BACKGROUND: Aspirin use in heart failure (HF) is controversial. The drug has proven benefit in comorbidities associated with HF; however, retrospective analysis of angiotensin-converting enzyme inhibitor trials and prospective comparisons with warfarin have shown increased risk of morbidity with aspirin use. This study aims to evaluate the association of low-dose aspirin with mortality and morbidity risk in a large community-based cohort.
METHODS AND RESULTS: This was a retrospective cohort study of patients attending an HF disease management program. Aspirin use at baseline and its association with mortality and HF hospitalization in the population was examined. Of 1476 patients (mean age, 70.4±12.4 years; 63% men), 892 (60.4%) were prescribed aspirin. Low-dose aspirin (75 mg/d) was prescribed to 828 (92.8%) patients. Median follow-up time was 2.6 (0.8-4.5) years. During the follow-up period, 464 (31.4%) patients died. In adjusted analysis, low-dose aspirin use was associated with reduced mortality risk compared with nonaspirin use (hazard ratio=0.58; 95% confidence interval, 0.46-0.74), and this was confirmed by a propensity-matched subgroup analysis. Low-dose aspirin use was associated with reduced risk of HF hospitalization compared with nonaspirin use in the total population (adjusted hazard ratio=0.70; 95% confidence interval, 0.54-0.90).

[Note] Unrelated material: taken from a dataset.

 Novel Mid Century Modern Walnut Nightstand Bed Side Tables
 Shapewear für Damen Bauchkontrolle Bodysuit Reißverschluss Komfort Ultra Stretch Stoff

In adjusted analysis, there was no difference in mortality or HF hospitalization between high-dose aspirin users (>75 mg/d) and nonaspirin users.
CONCLUSIONS: In this study, low-dose aspirin therapy was associated with a significant reduction in mortality and morbidity risk during long-term follow-up. These results suggest that low-dose aspirin may have a continuing role in secondary prevention in HF and underline the need for more trials of low-dose aspirin use in HF.